— YOUR INSTRUCTIONS —
Of the entries below, return exactly those lines that fall between the one containing "Sidewalk leads from" and the one containing "Tailor taking measurements", the two end lines included.

[Data entries]
----------

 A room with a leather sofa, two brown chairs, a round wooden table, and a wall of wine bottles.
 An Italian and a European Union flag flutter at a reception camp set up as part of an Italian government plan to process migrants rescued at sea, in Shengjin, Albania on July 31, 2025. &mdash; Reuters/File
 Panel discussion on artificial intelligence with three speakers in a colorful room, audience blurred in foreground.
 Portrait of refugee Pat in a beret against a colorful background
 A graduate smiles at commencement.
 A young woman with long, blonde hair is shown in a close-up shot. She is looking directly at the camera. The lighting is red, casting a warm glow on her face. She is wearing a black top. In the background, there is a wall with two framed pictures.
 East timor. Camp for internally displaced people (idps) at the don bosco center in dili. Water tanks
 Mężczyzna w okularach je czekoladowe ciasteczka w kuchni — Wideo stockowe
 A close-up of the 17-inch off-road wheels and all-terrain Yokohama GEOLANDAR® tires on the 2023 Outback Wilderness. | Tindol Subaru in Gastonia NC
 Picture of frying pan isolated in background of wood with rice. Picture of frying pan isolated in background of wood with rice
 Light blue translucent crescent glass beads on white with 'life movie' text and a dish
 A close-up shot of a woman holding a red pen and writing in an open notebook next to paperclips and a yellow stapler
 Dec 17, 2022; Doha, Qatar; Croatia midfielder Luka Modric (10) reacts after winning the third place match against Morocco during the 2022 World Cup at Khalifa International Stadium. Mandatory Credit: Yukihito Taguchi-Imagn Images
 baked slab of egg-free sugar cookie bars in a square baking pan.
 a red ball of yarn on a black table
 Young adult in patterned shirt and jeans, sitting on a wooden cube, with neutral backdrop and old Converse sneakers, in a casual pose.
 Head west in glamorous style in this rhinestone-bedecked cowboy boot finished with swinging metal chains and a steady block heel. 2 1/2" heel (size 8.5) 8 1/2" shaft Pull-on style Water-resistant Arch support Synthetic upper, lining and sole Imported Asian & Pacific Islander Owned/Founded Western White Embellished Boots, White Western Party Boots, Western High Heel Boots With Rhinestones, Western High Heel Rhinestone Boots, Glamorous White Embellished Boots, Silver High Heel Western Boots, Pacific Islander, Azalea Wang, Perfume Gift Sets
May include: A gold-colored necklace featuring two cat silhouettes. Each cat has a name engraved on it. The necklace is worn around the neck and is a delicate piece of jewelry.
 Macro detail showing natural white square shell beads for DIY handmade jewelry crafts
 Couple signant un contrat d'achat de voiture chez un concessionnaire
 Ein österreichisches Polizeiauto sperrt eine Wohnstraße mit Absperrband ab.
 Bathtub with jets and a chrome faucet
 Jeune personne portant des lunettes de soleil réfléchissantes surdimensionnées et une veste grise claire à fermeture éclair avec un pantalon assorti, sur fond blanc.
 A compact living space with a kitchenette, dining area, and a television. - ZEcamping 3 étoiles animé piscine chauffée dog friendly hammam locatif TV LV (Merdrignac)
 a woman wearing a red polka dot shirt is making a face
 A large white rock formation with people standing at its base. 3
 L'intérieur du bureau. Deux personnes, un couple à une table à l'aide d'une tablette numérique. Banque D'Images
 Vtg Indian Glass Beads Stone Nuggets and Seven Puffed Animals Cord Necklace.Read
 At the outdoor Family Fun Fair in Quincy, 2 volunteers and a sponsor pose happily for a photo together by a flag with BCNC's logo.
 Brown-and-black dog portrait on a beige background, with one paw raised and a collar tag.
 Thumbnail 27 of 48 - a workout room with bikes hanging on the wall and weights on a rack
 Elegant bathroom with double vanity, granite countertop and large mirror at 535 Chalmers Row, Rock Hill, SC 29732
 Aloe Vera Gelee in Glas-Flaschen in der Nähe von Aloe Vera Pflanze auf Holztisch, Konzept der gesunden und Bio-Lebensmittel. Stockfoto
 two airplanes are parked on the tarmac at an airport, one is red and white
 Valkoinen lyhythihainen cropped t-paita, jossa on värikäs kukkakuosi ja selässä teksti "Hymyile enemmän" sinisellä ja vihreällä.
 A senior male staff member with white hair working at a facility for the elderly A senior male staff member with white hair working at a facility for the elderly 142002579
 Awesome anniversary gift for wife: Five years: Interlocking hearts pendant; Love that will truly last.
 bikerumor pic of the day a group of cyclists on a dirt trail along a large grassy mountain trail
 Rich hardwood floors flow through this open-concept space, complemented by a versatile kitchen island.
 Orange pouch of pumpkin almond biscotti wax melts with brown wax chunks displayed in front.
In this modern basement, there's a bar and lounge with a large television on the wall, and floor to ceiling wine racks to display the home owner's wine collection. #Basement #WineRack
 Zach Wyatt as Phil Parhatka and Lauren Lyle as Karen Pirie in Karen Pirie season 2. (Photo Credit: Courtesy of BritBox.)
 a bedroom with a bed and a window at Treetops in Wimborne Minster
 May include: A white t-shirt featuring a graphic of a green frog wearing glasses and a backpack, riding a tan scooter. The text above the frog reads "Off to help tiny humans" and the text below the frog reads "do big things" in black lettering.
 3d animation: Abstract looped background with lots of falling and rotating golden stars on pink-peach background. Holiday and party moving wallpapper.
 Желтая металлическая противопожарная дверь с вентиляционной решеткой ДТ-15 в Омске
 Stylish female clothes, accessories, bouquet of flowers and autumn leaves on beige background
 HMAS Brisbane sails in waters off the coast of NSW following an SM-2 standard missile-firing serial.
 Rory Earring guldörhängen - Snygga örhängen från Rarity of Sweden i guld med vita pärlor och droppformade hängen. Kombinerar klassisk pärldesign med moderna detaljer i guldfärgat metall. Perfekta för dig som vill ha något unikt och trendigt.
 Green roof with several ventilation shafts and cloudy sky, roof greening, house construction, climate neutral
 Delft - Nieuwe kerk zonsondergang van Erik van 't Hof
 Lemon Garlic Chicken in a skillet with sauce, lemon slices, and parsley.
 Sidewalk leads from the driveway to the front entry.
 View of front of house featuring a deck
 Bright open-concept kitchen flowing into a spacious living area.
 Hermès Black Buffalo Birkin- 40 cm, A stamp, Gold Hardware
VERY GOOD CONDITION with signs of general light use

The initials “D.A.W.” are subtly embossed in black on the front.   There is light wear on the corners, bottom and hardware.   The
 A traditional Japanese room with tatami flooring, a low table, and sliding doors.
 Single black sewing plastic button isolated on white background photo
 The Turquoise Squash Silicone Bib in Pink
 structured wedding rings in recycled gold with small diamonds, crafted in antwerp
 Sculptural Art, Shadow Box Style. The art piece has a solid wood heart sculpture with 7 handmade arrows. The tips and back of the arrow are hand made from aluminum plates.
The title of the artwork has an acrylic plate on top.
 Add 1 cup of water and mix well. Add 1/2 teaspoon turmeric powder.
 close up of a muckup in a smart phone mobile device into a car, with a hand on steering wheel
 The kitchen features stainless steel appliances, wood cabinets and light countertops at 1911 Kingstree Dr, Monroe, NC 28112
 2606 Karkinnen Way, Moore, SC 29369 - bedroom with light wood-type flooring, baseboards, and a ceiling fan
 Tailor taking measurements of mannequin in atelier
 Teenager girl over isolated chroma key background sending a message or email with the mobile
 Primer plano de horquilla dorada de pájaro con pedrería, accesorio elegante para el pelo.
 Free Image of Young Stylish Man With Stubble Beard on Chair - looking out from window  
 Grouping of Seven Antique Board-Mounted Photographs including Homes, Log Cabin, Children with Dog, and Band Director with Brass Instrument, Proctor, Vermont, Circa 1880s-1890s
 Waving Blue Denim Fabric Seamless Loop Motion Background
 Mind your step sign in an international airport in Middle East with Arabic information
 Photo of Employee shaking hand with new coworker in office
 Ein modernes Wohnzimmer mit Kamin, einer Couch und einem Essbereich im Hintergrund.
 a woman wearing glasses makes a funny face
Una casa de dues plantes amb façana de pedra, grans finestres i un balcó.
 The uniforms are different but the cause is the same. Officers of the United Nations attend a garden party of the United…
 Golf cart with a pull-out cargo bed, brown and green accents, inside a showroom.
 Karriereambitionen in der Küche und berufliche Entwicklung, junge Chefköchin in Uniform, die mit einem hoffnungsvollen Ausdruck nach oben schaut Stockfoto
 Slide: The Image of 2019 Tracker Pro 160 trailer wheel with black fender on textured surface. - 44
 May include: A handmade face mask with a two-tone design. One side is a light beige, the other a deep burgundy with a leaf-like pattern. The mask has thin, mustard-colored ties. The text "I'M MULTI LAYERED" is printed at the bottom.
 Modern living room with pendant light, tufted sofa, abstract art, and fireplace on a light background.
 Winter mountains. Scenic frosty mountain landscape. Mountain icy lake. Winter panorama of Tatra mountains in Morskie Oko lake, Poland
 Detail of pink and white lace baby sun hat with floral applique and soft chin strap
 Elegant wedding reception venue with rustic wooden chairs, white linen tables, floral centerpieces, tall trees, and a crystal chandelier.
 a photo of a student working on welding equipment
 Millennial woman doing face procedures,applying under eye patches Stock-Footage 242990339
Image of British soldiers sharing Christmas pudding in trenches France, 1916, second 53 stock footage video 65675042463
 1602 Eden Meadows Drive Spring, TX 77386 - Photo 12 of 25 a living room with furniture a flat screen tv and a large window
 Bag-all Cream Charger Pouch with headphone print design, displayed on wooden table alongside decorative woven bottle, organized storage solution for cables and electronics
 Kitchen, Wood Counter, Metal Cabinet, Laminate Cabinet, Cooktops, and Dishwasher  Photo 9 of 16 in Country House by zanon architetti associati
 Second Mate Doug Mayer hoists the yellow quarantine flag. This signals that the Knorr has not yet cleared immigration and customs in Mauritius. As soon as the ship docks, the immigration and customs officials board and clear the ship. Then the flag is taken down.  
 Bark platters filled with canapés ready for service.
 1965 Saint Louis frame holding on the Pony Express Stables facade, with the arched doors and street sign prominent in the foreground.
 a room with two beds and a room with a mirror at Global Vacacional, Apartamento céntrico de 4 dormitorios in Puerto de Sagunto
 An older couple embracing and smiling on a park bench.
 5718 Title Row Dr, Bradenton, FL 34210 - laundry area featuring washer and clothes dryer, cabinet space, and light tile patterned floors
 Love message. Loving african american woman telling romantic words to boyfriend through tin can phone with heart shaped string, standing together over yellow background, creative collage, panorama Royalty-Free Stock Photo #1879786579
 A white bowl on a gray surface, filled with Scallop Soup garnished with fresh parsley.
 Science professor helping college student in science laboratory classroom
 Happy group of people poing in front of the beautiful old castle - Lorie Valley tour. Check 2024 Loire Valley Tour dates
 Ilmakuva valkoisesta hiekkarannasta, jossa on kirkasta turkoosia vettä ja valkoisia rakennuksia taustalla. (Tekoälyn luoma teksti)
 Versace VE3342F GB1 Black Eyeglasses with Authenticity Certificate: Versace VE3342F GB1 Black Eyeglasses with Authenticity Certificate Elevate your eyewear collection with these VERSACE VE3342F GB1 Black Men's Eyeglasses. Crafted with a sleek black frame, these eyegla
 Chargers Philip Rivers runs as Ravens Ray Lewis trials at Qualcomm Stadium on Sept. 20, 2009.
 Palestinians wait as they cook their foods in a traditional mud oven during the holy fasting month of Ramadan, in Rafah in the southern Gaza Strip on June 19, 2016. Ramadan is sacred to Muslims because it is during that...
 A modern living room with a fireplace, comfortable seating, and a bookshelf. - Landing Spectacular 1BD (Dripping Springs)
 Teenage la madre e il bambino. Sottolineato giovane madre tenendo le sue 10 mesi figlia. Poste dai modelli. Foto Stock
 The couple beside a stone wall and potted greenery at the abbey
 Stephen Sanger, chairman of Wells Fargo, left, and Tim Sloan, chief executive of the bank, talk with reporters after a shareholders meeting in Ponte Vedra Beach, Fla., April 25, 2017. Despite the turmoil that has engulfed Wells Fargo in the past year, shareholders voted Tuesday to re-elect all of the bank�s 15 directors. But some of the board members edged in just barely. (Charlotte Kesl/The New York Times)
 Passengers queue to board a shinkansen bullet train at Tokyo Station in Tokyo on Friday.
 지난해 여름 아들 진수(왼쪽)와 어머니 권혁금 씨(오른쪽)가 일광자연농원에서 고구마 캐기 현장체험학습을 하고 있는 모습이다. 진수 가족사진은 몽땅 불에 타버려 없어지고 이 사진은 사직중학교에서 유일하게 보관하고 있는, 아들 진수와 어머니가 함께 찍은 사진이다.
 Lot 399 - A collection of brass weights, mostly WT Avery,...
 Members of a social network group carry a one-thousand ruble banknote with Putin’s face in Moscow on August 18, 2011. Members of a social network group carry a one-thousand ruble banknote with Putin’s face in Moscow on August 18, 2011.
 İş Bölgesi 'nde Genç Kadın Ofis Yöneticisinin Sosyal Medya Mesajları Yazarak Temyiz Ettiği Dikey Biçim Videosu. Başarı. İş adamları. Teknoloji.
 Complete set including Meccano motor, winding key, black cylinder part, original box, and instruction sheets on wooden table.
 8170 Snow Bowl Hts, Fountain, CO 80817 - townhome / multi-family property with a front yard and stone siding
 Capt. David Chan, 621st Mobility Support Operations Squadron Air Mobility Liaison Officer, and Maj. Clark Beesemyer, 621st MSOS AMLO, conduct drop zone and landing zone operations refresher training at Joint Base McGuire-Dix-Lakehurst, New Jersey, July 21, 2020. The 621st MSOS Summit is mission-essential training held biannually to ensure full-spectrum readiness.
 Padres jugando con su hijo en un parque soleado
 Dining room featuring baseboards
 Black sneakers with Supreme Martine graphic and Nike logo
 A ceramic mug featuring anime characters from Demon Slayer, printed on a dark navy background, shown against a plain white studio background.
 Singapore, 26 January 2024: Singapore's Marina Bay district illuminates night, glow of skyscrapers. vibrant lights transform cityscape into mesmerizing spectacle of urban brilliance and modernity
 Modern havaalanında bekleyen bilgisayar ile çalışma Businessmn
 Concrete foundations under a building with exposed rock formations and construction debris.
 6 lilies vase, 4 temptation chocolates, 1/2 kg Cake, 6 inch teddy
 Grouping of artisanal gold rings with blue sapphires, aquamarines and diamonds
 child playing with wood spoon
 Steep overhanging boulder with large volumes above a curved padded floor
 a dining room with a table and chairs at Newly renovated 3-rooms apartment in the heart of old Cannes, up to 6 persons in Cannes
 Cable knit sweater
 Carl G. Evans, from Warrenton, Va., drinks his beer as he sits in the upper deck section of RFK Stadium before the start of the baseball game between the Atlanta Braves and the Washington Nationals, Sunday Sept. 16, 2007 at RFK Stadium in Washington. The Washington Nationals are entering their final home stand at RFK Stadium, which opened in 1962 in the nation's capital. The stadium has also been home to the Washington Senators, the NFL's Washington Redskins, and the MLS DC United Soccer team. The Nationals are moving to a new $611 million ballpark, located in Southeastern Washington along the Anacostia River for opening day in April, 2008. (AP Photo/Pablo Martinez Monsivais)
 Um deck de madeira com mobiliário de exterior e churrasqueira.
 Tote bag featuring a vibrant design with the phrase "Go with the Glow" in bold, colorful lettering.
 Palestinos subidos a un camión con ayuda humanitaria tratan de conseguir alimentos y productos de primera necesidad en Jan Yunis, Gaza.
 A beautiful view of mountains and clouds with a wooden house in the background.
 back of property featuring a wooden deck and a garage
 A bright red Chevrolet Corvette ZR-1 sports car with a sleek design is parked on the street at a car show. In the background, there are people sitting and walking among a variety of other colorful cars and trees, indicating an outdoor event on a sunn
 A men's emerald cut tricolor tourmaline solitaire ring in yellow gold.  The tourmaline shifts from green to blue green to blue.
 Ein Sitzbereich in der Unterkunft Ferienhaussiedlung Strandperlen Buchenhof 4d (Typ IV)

----------

— YOUR SOLUTION —
 Sidewalk leads from the driveway to the front entry.
 View of front of house featuring a deck
 Bright open-concept kitchen flowing into a spacious living area.
 Hermès Black Buffalo Birkin- 40 cm, A stamp, Gold Hardware
VERY GOOD CONDITION with signs of general light use

The initials “D.A.W.” are subtly embossed in black on the front.   There is light wear on the corners, bottom and hardware.   The
 A traditional Japanese room with tatami flooring, a low table, and sliding doors.
 Single black sewing plastic button isolated on white background photo
 The Turquoise Squash Silicone Bib in Pink
 structured wedding rings in recycled gold with small diamonds, crafted in antwerp
 Sculptural Art, Shadow Box Style. The art piece has a solid wood heart sculpture with 7 handmade arrows. The tips and back of the arrow are hand made from aluminum plates.
The title of the artwork has an acrylic plate on top.
 Add 1 cup of water and mix well. Add 1/2 teaspoon turmeric powder.
 close up of a muckup in a smart phone mobile device into a car, with a hand on steering wheel
 The kitchen features stainless steel appliances, wood cabinets and light countertops at 1911 Kingstree Dr, Monroe, NC 28112
 2606 Karkinnen Way, Moore, SC 29369 - bedroom with light wood-type flooring, baseboards, and a ceiling fan
 Tailor taking measurements of mannequin in atelier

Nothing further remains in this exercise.